Certo, però, i debiti non si estinsero, al contrario aumentarono, tanto che alla fine furono i genitori dei ragazzi a pagarli, mentre «le Rime rimasero esposte ai compatimenti di Francesco Silvio Orlandini, ai disprezzi di Paolo Emiliano Giudici, agl'insulti di Pietro Fanfani».

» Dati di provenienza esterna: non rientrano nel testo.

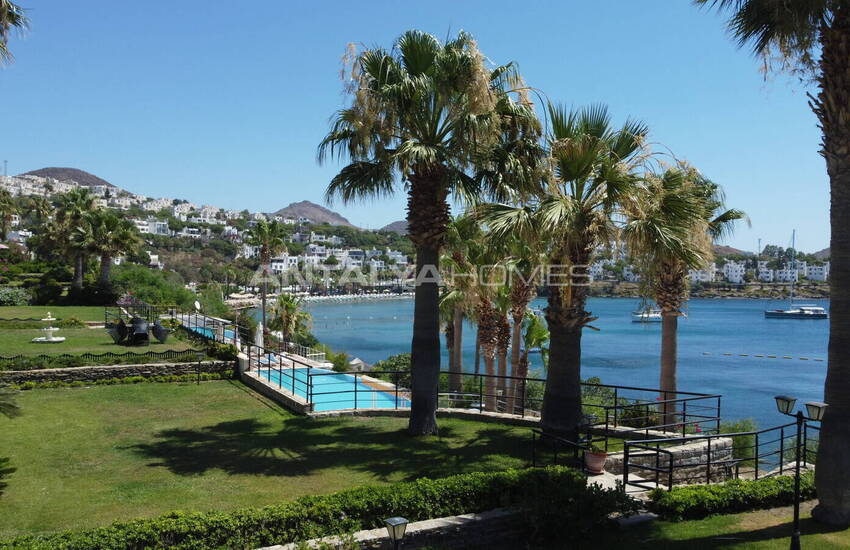 Detached Villa in Seafront Complex with Private Beach in Bodrum 5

Il volume non passò certo inosservato né fu soltanto vituperato. La guerra che Gargani e gli Amici avevano scatenato con la Diceria si rinfocolò all'apparizione delle Rime, con Fanfani in prima linea. Questi pubblicò molti articoli denigratori ne La Lanterna di Diogene, scandalizzandosi del fatto che un certo E.M. avesse avuto l'ardire, ne La Lente, di definire Carducci miglior poeta italiano dopo Niccolini e Mamiani.

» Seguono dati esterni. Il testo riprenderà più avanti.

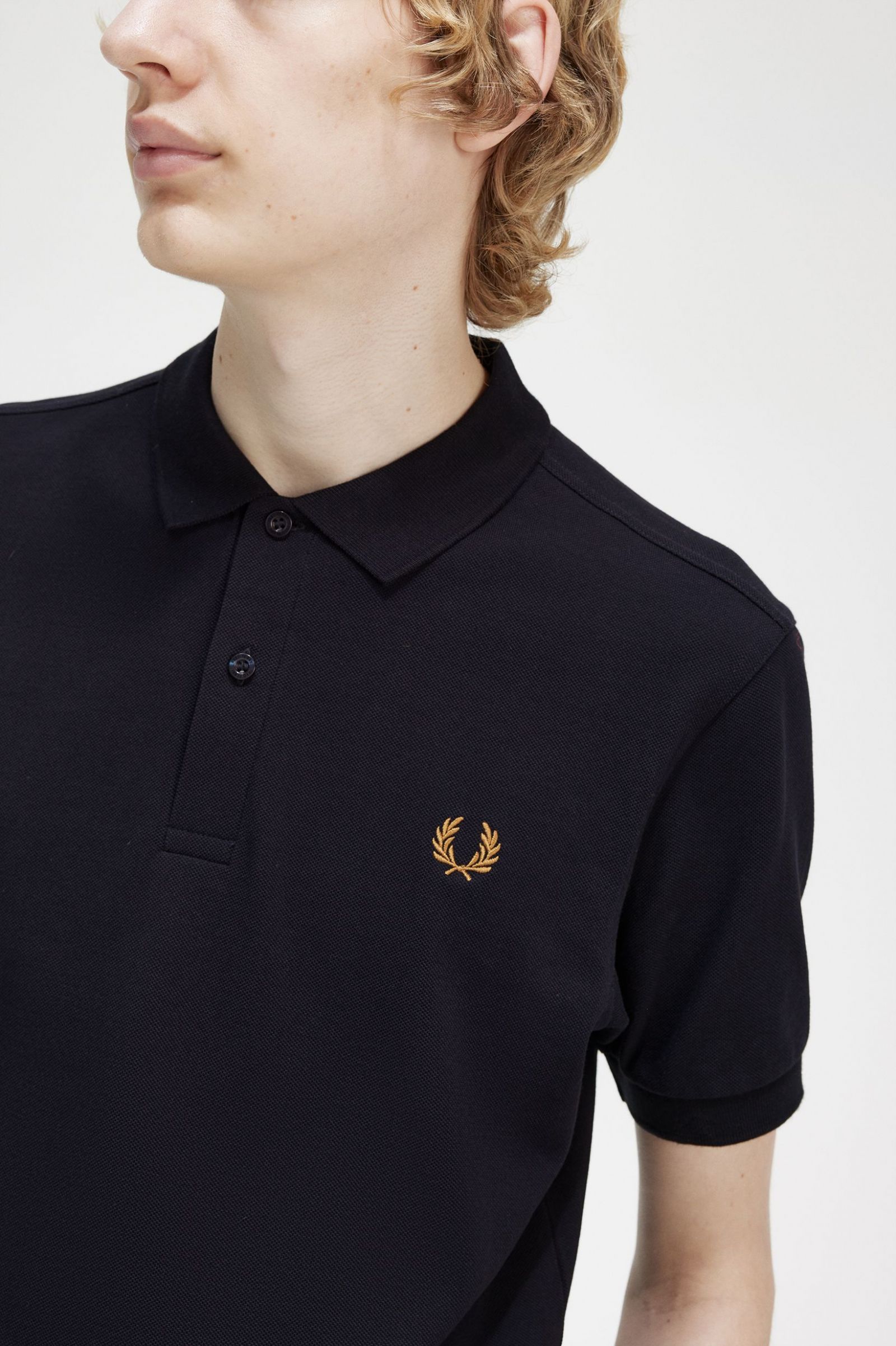 The Fred Perry ShirtM6000 Navy / Dark Caramel 7038693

E.M. altri non era che l'avvocato Elpidio Micciarelli, un amico del Targioni che nel gennaio 1858 fondò il settimanale Momo, mettendolo a disposizione degli Amici. Il Momo pubblicò alcuni sonetti satirici del Carducci, uno diretto contro Fanfani e uno contro Giuseppe Polverini, editore e proprietario de Il Passatempo. La polemica continuò per mesi, a colpi di caricature e sonetti caudati, coinvolgendo anche il Guerrazzi che, in risposta alla richiesta di un parere sulle Rime inviatagli da Silvio Giannini (un amico di Carducci), riconosceva il grande talento del poeta rimproverandogli però il disprezzo per le letterature straniere e il fatto di copiare gli antichi, perché egli non viveva al tempo di Orazio o Pindaro, e doveva sentire e pensare da sé.

Alla fine dell'anno scolastico, nell'estate 1857, prese in affitto alcune stanze a Firenze in via Mazzetta di fronte alla famiglia Menicucci, e decise di rinunciare al posto samminiatese. Fu un periodo di frequenti riunioni degli Amici pedanti. Insieme parlavano di letteratura, leggevano e improvvisavano componimenti. Talvolta i raduni si svolgevano in casa di Francesco Menicucci - più spesso dal Chiarini -, uomo di grande bontà d'animo che con entusiasmo aveva preso parte ai moti del 1848, e amava sentire parlare di letteratura e storia, anche se le sue conoscenze in materia erano piuttosto confuse, e una sera in cui si era deciso di leggere Orazio egli infaustamente chiese: «Sono le poesie di Orazio Coclite?». Menicucci venerava il Carducci, e si rallegrava del fidanzamento con Elvira, ormai ufficiale.